- [RECORDED INFORMATION]
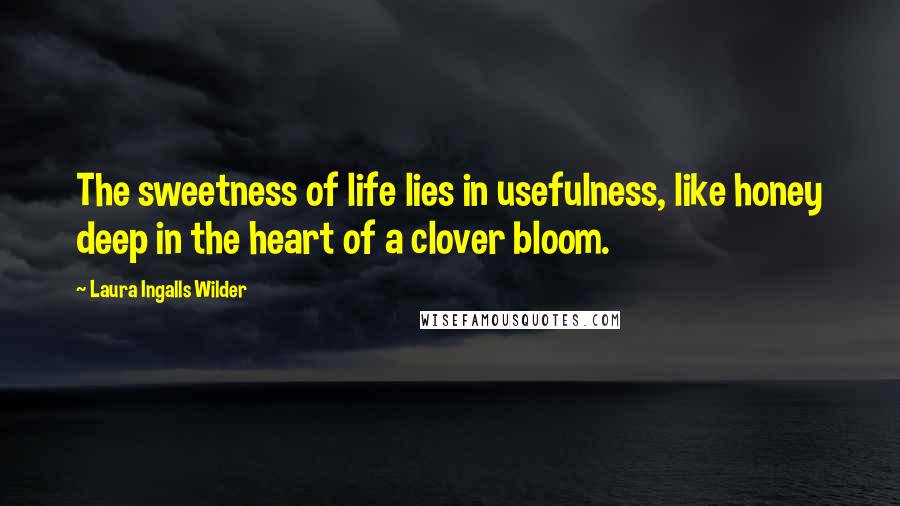 Laura Ingalls Wilder Quotes: The sweetness of life lies in usefulness, like honey deep in the heart of a clover bloom.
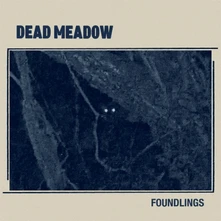 Dead Meadow, Vinyl FOUNDLINGS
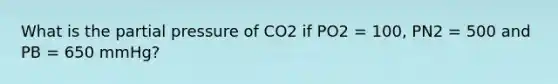 What is the partial pressure of CO2 if PO2 = 100, PN2 = 500 and PB = 650 mmHg?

- [DESCRIPTION OF THE TASK] Please repeat every line of the material above exactly and without its pictures.

- [RESPONSE BOX]
 Laura Ingalls Wilder Quotes: The sweetness of life lies in usefulness, like honey deep in the heart of a clover bloom.
 Dead Meadow, Vinyl FOUNDLINGS
 What is the partial pressure of CO2 if PO2 = 100, PN2 = 500 and PB = 650 mmHg?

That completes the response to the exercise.